[[ Data shown, beginning ]]
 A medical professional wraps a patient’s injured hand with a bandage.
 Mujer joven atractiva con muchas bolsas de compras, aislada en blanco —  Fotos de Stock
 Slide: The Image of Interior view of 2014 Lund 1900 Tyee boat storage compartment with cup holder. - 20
[[ Data shown, end ]]
Everything in the listing should be given again word for word.

 A medical professional wraps a patient’s injured hand with a bandage.
 Mujer joven atractiva con muchas bolsas de compras, aislada en blanco —  Fotos de Stock
 Slide: The Image of Interior view of 2014 Lund 1900 Tyee boat storage compartment with cup holder. - 20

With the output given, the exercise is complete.